NRC Survey Showcases Growing Strengths of BC Doctoral Programs
Chestnut Hill, Mass. (9-28-10)—A new assessment of doctoral programs shows Boston College’s continuing ascent into the top tiers of American research universities in the quality of its faculty and students.
The National Research Council (NRC), which reviews 5,000 doctorate programs at 222 of the leading research institutions in the United States every decade, released its long-awaited findings today. Boston College’s Graduate School of Arts & Sciences and the Connell School of Nursing’s PhD program participated in the latest NRC rankings, with both schools achieving high levels of success, particularly in areas of University strategic investment. Most noteworthy, administrators observed, the NRC data indicated high faculty research productivity and highly competitive doctoral programs, with BC doctoral students scoring in the upper reaches of the Graduate Record Exam.
According to Candace Hetzner, Graduate School of Arts & Sciences associate dean for academic affairs, the NRC study showcased Boston College’s excellence in doctoral education not only in University mission-based programs such as Theology and Philosophy, but also in Psychology, Economics, English, Chemistry and Physics.
“The NRC results indicate that Boston College is reaping the dividends of its sound investment in doctoral education over the past two decades,” said Hetzner. “The University’s investments in the mid-1990’s in strategic funds for Theology and the Institute for Religious Education and Pastoral Ministry, as well as Economics and Philosophy, contributed to high ratings on various dimensions of the new NRC report, especially with regard to faculty scholarly output and student GRE scores.”

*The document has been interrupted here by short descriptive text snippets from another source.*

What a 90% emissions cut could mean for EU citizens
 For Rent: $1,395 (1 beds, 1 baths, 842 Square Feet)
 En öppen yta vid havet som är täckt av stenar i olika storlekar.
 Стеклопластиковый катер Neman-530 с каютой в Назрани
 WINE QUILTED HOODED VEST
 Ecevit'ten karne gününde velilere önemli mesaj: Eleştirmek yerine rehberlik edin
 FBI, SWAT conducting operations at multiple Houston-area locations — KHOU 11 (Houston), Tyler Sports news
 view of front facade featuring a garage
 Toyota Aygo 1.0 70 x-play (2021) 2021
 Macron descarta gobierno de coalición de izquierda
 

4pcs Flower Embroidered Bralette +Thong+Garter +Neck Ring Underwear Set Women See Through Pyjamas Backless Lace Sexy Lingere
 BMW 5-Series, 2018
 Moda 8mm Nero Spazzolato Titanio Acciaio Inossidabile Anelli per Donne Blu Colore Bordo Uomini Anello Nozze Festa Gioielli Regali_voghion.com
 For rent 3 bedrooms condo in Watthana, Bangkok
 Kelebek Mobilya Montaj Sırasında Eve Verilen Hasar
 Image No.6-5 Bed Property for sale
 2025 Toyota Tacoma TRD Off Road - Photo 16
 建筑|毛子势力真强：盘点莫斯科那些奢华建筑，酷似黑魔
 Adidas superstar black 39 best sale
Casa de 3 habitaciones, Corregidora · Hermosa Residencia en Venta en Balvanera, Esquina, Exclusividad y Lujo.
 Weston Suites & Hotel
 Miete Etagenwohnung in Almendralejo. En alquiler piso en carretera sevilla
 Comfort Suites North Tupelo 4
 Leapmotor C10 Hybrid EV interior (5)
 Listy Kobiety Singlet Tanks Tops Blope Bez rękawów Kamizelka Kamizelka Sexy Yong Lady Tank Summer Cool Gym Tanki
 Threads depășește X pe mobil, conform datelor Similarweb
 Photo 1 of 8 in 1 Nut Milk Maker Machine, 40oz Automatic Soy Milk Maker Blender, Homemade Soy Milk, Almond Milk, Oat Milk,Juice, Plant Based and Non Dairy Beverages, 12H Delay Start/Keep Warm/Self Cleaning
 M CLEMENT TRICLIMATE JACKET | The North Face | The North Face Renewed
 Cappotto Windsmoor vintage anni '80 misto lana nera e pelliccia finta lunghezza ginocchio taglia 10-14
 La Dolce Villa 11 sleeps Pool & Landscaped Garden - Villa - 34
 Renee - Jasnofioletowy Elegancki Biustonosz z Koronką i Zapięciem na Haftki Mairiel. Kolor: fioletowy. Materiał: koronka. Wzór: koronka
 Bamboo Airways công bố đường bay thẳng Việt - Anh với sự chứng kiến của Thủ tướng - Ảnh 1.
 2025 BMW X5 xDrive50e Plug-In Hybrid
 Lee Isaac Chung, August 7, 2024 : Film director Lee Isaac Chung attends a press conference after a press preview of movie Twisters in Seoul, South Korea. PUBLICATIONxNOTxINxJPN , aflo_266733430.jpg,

The Connell School of Nursing experienced similar success in its doctoral program, according to Associate Dean for Graduate Programs Patricia Tabloski. “We are pleased with the success of the Connell School among the 52 nursing PhD programs included in the NRC analysis, and especially in the area of support for our doctoral students,” said Tabloski, who noted that since the data-gathering period, the school has undergone continued growth, hired as dean an internationally regarded nurse researcher and educator in Susan Gennaro, recruited several new faculty, formed collaborative relationships with the Harvard Catalyst Consortium, enhanced research opportunities for faculty and PhD students, and increased the number of electives in its PhD program to enhance scholarship opportunities for students.
The 2010 NRC study differs in its methodology from its earlier assessments in 1982 and 1993, as well as from those of most organizations that evaluate academic program quality, administrators said. The NRC, for example, chose not to rank institutions based on institutional reputation, but rather by analyzing data such as the numbers of faculty publications and awards, the extent of doctoral student funding, time to degree, and diversity of student population. In addition, in perhaps its biggest departure from traditional evaluations, the NRC declined to provide a specific ranking for each program and instead located all programs within a range of rankings, making this year’s NRC results incomparable to earlier NRC studies.
The new NRC methodology has generated a fair amount of controversy among universities and the media, including criticisms that the survey is based on outdated information gathered more than five years ago. To counter the criticism, the NRC has made its assessment publicly available on its website and offered a wealth of data for a variety of uses by prospective students as well as research universities. The data can be accessed beginning at 1:00 p.m. EST on September 28 at www.nap.edu/rdp.